Section 5.9 Parent and Vectron. Parent and Vectron shall each cause their respective
Subsidiaries to comply with and effect the provisions of this Agreement. In addition, between the
date hereof and Closing, Parent and Vectron shall use their respective reasonable best efforts to
prepare and deliver to Buyer a true and complete list of (i) all Contracts used in or related to the
Acquired Business that are in effect as of the date hereof and (ii) all of the licenses, permits,
approvals, authorizations and consents of all Governmental Entities owned, held, possessed or
applied for by the Acquired Company and each Asset Seller (with respect to the Acquired
Assets) as of the date hereof.
Section 5.10 Bank Accounts; Post-Closing Receipts.
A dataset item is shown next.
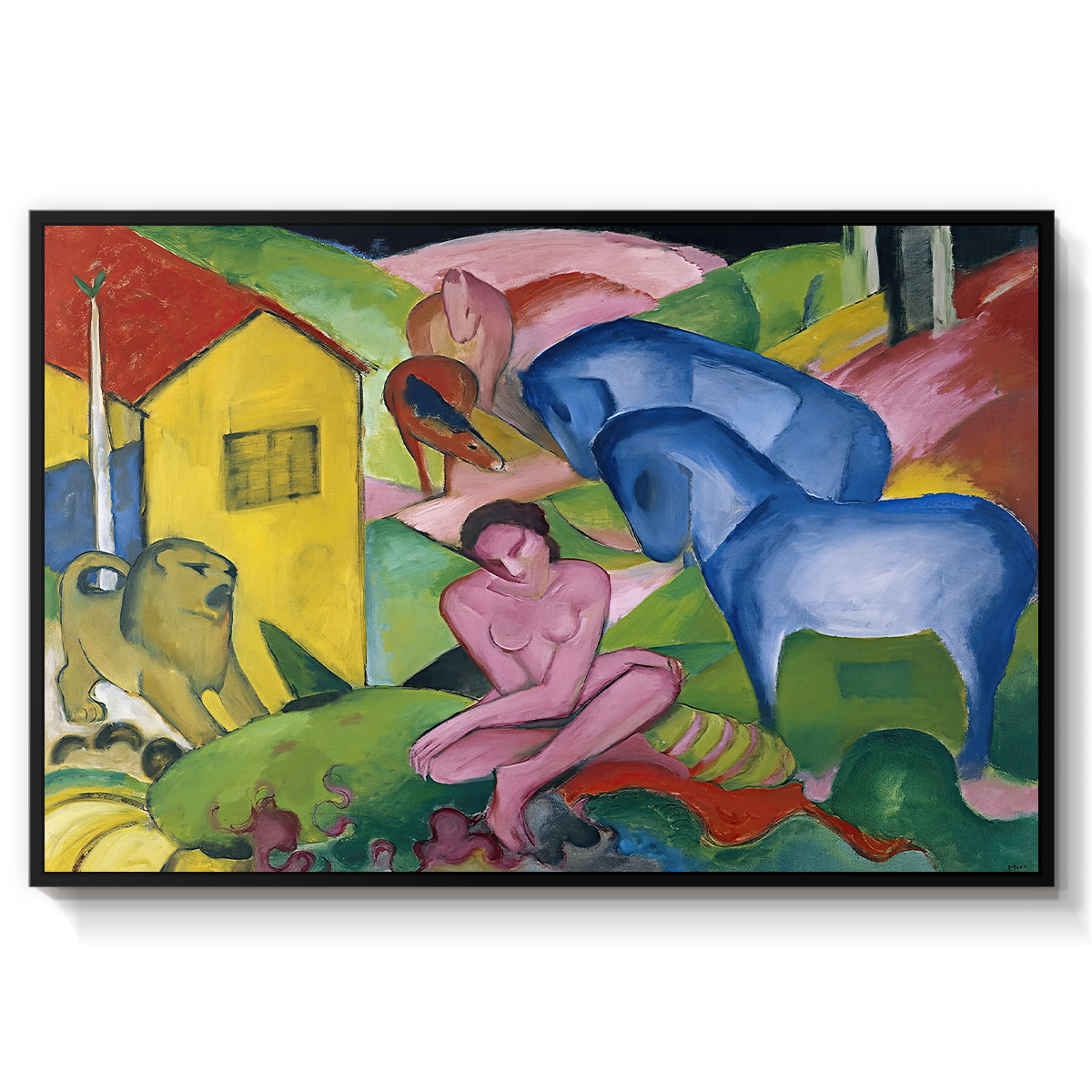 The Dream, 1912 - Floater Framed Canvas Print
Parent, Vectron and their
respective Affiliates shall use their reasonable best efforts to transfer any bank accounts used
exclusively by the Business to Buyer or one of its Affiliates at Closing or as promptly as
practicable thereafter. If, after the Closing Date, any Party or any of its Affiliates receives any
funds belonging to another Party or any of its Affiliates in accordance with the terms of any
Transaction Document, the receiving party will, or will cause its Affiliates to, promptly advise
the party or its applicable Affiliate to which such funds belong, will segregate and hold such
funds in trust for the benefit of such Party or its applicable Affiliate and will promptly deliver
such funds, together with any interest earned thereon to such Party or its applicable Affiliate.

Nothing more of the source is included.